Task goal
Every entry must be printed again exactly, with nothing left out.

Supplied records
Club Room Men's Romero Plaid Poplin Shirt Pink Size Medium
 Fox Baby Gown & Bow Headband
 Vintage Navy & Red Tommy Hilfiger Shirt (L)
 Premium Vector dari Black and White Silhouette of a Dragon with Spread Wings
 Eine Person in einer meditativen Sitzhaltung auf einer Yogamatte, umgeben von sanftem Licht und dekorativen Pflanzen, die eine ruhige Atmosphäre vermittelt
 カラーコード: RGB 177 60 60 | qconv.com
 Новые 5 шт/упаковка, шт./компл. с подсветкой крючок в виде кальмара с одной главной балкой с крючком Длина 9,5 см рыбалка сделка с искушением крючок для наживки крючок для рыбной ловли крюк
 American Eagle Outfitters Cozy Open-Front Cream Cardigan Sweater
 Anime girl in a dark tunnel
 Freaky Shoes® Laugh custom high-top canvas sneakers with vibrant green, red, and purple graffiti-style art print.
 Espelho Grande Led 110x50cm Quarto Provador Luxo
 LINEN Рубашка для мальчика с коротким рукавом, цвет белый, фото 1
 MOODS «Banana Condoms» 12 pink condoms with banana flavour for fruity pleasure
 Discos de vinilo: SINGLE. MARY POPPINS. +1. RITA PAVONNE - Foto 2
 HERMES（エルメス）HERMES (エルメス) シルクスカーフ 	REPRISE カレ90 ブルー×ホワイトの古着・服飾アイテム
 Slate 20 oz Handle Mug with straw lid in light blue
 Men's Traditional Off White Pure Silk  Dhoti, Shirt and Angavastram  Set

Result
Club Room Men's Romero Plaid Poplin Shirt Pink Size Medium
 Fox Baby Gown & Bow Headband
 Vintage Navy & Red Tommy Hilfiger Shirt (L)
 Premium Vector dari Black and White Silhouette of a Dragon with Spread Wings
 Eine Person in einer meditativen Sitzhaltung auf einer Yogamatte, umgeben von sanftem Licht und dekorativen Pflanzen, die eine ruhige Atmosphäre vermittelt
 カラーコード: RGB 177 60 60 | qconv.com
 Новые 5 шт/упаковка, шт./компл. с подсветкой крючок в виде кальмара с одной главной балкой с крючком Длина 9,5 см рыбалка сделка с искушением крючок для наживки крючок для рыбной ловли крюк
 American Eagle Outfitters Cozy Open-Front Cream Cardigan Sweater
 Anime girl in a dark tunnel
 Freaky Shoes® Laugh custom high-top canvas sneakers with vibrant green, red, and purple graffiti-style art print.
 Espelho Grande Led 110x50cm Quarto Provador Luxo
 LINEN Рубашка для мальчика с коротким рукавом, цвет белый, фото 1
 MOODS «Banana Condoms» 12 pink condoms with banana flavour for fruity pleasure
 Discos de vinilo: SINGLE. MARY POPPINS. +1. RITA PAVONNE - Foto 2
 HERMES（エルメス）HERMES (エルメス) シルクスカーフ 	REPRISE カレ90 ブルー×ホワイトの古着・服飾アイテム
 Slate 20 oz Handle Mug with straw lid in light blue
 Men's Traditional Off White Pure Silk  Dhoti, Shirt and Angavastram  Set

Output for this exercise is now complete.